そこには、服の中に入ってきたトカゲに驚いて「わぁっ」と飛び起きるムッタの絵が、描かれていた。

聖域に足を踏み入れてしまった感があった。「宇宙兄弟」は、間違いなく日本の漫画史に残る素晴らしい漫画だ。そんな、ずっと残っていく作品の1コマに、私たちの天真爛漫なお願いが反映されてしまったのだ。
これが明治時代だったら、芥川龍之介に「羅生門にこういうセリフ入れてくれませんか?」とお願いして入れてもらってしまったようなものだ。

奇跡のようなことがどんどん起こっていく。

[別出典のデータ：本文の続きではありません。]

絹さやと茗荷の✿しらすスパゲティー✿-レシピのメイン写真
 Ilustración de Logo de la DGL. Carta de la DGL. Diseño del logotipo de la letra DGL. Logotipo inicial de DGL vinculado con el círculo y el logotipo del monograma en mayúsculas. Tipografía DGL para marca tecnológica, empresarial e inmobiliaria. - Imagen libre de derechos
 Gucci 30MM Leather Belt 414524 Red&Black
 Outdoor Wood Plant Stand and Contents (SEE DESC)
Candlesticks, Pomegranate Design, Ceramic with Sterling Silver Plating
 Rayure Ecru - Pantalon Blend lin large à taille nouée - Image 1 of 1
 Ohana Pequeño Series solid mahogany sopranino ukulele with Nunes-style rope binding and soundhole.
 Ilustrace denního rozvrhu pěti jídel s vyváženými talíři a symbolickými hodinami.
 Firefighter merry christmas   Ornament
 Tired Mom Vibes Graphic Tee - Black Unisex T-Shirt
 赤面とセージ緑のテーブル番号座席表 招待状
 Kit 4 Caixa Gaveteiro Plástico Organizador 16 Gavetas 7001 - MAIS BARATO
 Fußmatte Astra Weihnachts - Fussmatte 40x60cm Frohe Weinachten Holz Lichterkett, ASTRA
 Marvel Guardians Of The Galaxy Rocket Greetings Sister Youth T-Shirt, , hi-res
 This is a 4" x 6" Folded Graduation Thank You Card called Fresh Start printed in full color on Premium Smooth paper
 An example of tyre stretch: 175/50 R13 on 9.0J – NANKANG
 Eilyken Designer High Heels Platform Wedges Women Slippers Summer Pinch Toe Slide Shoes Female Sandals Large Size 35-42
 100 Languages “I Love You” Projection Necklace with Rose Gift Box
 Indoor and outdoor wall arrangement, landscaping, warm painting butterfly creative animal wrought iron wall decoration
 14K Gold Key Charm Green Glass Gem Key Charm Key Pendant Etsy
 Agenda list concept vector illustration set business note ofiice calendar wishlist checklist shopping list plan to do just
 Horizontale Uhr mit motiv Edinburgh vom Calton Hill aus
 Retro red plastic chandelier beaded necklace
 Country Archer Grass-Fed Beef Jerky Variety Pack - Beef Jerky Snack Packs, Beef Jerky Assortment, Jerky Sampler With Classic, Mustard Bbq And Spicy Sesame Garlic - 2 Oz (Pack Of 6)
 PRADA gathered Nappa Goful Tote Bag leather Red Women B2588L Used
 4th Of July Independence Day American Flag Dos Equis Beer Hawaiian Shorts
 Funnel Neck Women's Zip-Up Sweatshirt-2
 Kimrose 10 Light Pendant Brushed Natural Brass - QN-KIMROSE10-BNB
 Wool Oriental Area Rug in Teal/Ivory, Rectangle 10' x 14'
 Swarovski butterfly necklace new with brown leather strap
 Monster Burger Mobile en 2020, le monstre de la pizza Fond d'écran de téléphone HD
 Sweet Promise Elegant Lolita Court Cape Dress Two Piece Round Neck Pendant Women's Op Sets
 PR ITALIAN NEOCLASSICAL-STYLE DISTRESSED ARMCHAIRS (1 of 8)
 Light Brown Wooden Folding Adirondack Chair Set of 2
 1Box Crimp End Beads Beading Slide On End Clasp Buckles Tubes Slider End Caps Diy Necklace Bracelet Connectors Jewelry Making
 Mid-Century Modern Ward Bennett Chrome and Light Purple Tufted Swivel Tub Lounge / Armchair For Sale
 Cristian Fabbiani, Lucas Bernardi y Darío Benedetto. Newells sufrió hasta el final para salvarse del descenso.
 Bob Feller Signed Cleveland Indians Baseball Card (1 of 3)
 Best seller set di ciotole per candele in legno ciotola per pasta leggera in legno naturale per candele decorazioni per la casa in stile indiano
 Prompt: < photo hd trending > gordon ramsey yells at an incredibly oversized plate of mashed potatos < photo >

上述の佐渡島さんの半端無い実行腕力に引っ張られて、いろんな人がノリノリになってこのプロジェクトに参加してくれる。

本のデザインを決めていって、川村と関和亮さんと制作の太陽企画さんと、ビデオコンテをつくっていく。撮影できるものから撮っていって、だんだんとビデオコンテにはめていって、具現化していく。
私はそれと同時に、映像の展開を考えていくだけではなく、後半のマルチページめくりパートをはじめ、プログラムでフォローできるところをシミュレーションしていく。
いろんな工程を経て、MVができあがっていった。


こういうものなので、ウェブサイトでは、各シーンで何が行われているかを説明するものにしようと考えた。そして最終的に、「解説付きインタラクティブ・ミュージック・ビデオ」をウェブサイトにすることにした。
MVに合わせて、背景に入っている本の写真が動いていく。
映像を縮小すると、どの本の何ページを使って何をするか、という解説が入っている。そこにはamazonの商品ページへのリンクが入っていて、本やCDを買うことができる。
要するに、考え方としては「その気になったらユーザーが自分の手元にある本だけでMVを再現できてしまう」ということを目指している。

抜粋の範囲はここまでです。